Ao fazê-lo, também lançam luz sobre as condições sob quais os eleitores provavelmente deixarão seus apegos partidários para trás. Esta última questão está relacionada ao tema do colapso dos partidos políticos – um tópico de considerável interesse recente na América Latina, dados os eventos de despolitização e/ou alienação política, deixando as decisões cruciais para outras pessoas, participantes da restrita oligarquia política.
Embora seja possível o PT desaparecer, os coautores não contam com a ascensão de qualquer um dos partidos existentes pelo Brasil afora em substituição ao papel do PT. Alguns sintomas do declínio recente do PT podem ser devido ao fraco desempenho de Dilma no cargo, em seu segundo mandato, quando abandonou o social-desenvolvimentismo e adotou o neoliberalismo, e à implacável enxurrada de notícias relacionadas à corrupção.
Antes e depois do impeachment golpista, as denúncias se concentraram principalmente nos líderes do PT. No entanto, depois da Dilma ter sido removida à força do cargo por causa de uma eventual maioria no Congresso Nacional, a culpa pelo desempenho econômico passou para o governo sucessor. E os escândalos continuaram a envolver políticos de outros partidos, votantes do golpe semi-parlamentarista.

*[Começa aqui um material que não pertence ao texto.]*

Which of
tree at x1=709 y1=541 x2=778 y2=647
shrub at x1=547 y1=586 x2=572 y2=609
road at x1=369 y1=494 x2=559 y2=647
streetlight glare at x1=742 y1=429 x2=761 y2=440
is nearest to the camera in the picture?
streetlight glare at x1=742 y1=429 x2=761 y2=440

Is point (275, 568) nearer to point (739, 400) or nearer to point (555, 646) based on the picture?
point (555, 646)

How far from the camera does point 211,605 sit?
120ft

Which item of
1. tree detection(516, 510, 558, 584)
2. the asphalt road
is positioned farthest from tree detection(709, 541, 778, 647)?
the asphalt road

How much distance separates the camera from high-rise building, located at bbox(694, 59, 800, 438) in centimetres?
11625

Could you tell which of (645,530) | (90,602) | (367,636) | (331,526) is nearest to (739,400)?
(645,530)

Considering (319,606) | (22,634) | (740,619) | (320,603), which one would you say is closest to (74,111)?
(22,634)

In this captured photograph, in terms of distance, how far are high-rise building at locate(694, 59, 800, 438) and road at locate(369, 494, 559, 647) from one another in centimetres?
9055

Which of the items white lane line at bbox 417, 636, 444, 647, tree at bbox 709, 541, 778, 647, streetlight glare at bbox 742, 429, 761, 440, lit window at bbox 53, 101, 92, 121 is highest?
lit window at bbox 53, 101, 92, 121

Se o PT defender com credibilidade ainda representar uma alternativa para governar o Brasil, muitos ex-partidários poderiam voltar à disputa. Dada a densidade organizacional e vínculos de longa data do partido com a sociedade civil organizada, é até possível o PT conseguir um retorno e permanecer como um participante-chave da política brasileira por algum tempo. Ainda assim, mesmo se desaparecer, sua ascensão de três décadas continuará sendo intrinsecamente um fenômeno merecedor ser melhor compreendido.